Clustering

Density Based Clustering using EM algorithm

Each cluster is assumed to have a probability density with certain parameters (e.g. Multivariate Gaussian). The goal of Density Based clustering is to determine the number of such model components (i.e. clusters) in a data set, and the parameters of the probability density of each component. Once the components of the whole data set are determined, a Density Based cluster may indicate the probability of each variable belonging to a particular cluster. Number of clusters is determined using cross-validation. Each variable has a probability distributiona indicating the probability of the variable belonging to each of the clusters.

Method parameters

Data files
Raw data files correspondent to the samples selected to bi in the projection plot.
Colouring style
The dots corresponding to every sample can be colored depending on the sample's parameter state or on the file.
Peak measuring approach
It can take two values: height or area.
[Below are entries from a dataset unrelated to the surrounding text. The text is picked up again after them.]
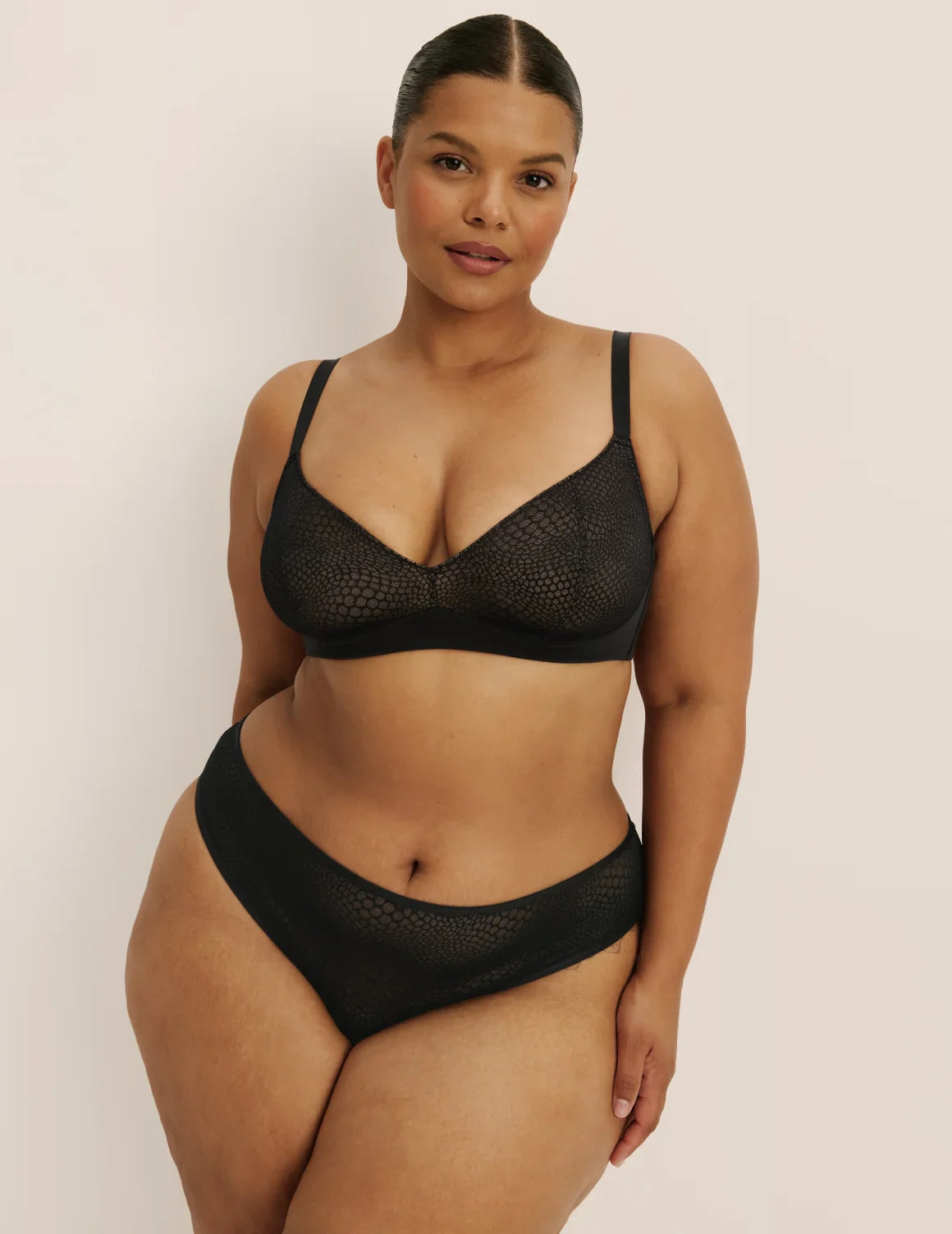 Leslie has 49” hips, wearing KNIX XXL | Black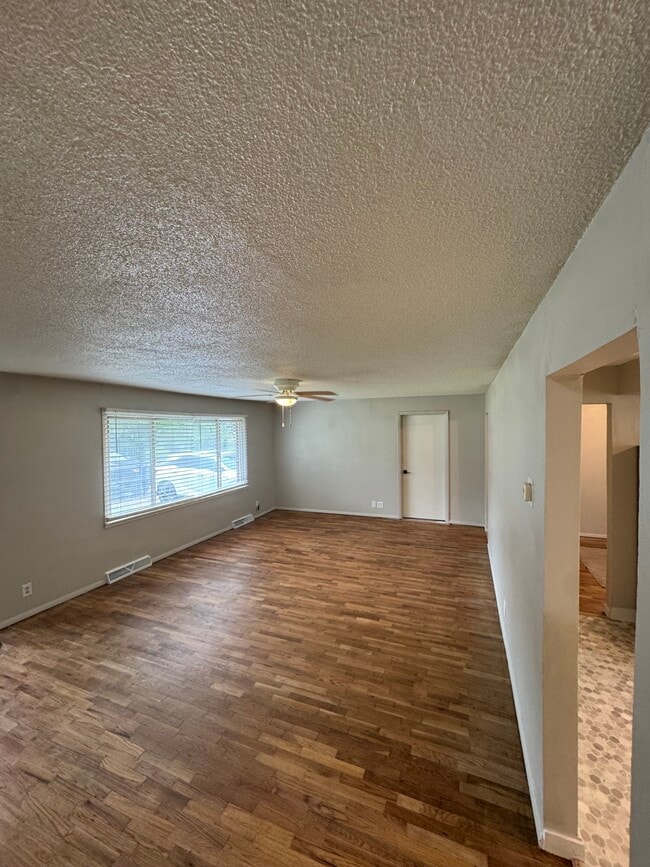 Photo - 1901 N Maplewood Ave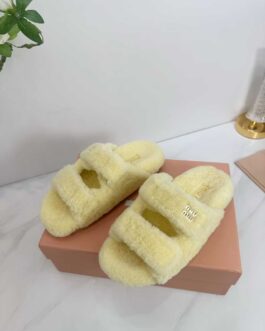 Miu miu Buty, sandaly klapki, skora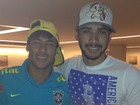 Com Neymar, Gusttavo Lima volta a sorrir depois da perda da irmã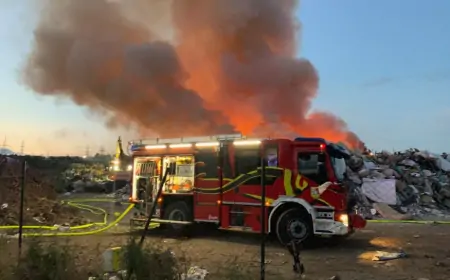 Požar u riječkom reciklažnom dvorištu gasi 30-ak vatrogasaca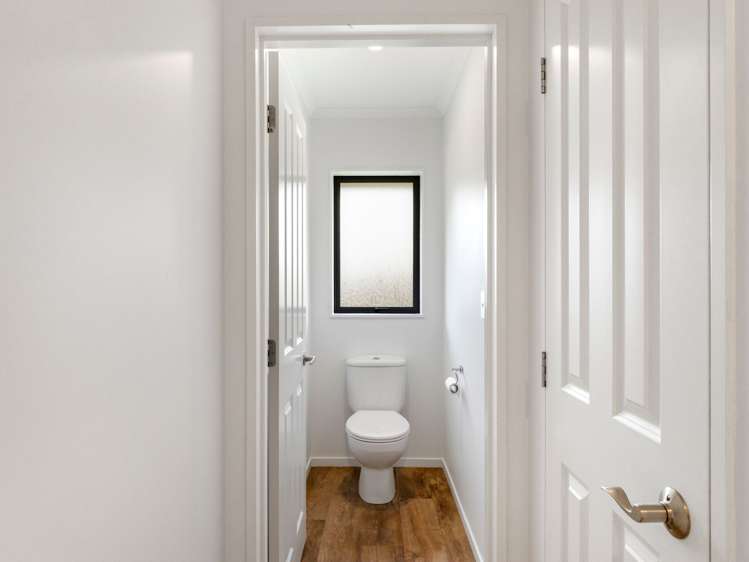 278 Southfield Drive Lincoln_26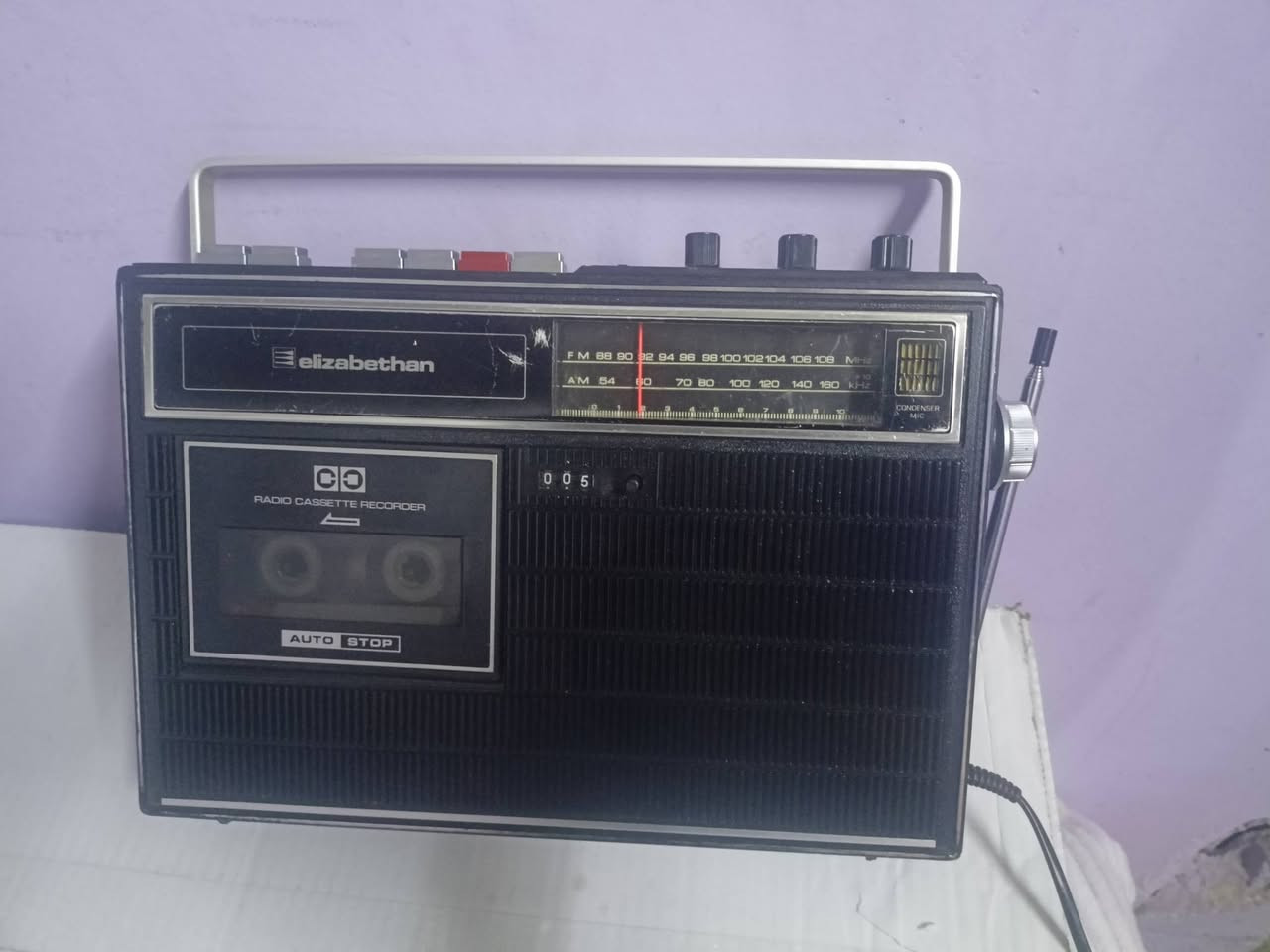 السلام عليكم راديو ومسجل نوع اليزابيث  تحفه يابانيه انتاج السبعينات جهاز استعمال قليل راديو إف إم ومتوسطه شغل وتسجيل وصوت ونقاوه السعر مع التوصيل 65


**إذا كنت صاحب هذا الإعلان وتريد حذفه لأي سبب، رجاءا أرسل رسالة إلى الدعم الفني**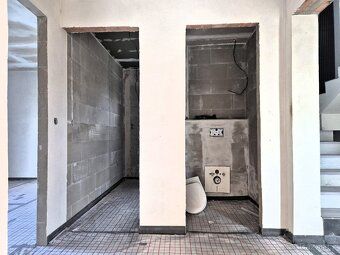 Nabízíme k prodeji moderní novostavbu rodinného domu o dispo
The projections will be calculated using one of this two values.
Peaks
Peaks that will be taken into account to create the projection plot.
Visualization
The visualization of the result of non hierarchical clustering algorithms can be performed using PCA or Sammon's projection
Type of data
It can take two values: Samples or variables. The clustering will be applied to one of this types of data.
Algorithm
Algorithm that will be used to cluster the data.
Link type
This parameters is only enable when the hierarchical clustering has been chosen. The distances between clusters is determined by the chosen linkage.
Distance fuction
This parameters is only enable when the hierarchical clustering has been chosen. The distances between points is determined by the chosen distance function.
Number of groups
The number of clusters has to be defined by the user in advance for some clustering algorithms. This parameter is available only when K-means or Farthest First algorithm are chosen.